Vince, you've talked about underlying health of global GDP trends. I guess, I'm just curious where you see yourself gaining share in some B2B subapplications versus the underlying market support.

VR
Vincent RocheCEO

In core industrial, we've been pleased with our performance in Asia, which resulted from customer engagement and deployment of R&D. A certain amount of what we're seeing is driven by macroeconomic factors. But we're also well positioned to take advantage of strengthening markets in industrial and health care, driven by our innovation efforts and customer engagement.

DZ
David ZinsnerCFO

Industrial markets are undergoing a change much like automotive has with electrification. The amount of analog content and semiconductor content in systems is increasing as companies try to implement these IoT-like applications.

VR
Vincent RocheCEO

As customers become more software-oriented, our dependence as a leader in analog technologies increases.

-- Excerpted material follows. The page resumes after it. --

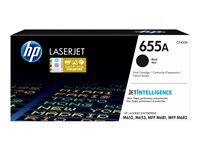 HP 655A Toner Schwarz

Our technology solves important problems for customers by providing integration in universal input-output systems, enabling them to leverage their software across various analog input-output technologies.

Operator

Your next question comes from Romit Shah with Nomura.

O
RS
Romit ShahAnalyst

I had a question about the B2B outlook for the April quarter. The industrial market typically grows 10-plus percent in April, and you said auto is not too dissimilar. The guidance of mid- to high single digits suggests you might have some room to do better. Am I mischaracterizing seasonality? Can you discuss that?

DZ
David ZinsnerCFO

It's more a function of coming off strong numbers in the first quarter; you're not going to have quite the sequential improvement in the second quarter. But year-over-year growth is meaningful. We're starting off in a great situation, and we expect a reasonable good second quarter.

VR
Vincent RocheCEO

Remember, we're at record levels in our industrial business.

Operator

Your next question is from C.J. Muse with Evercore.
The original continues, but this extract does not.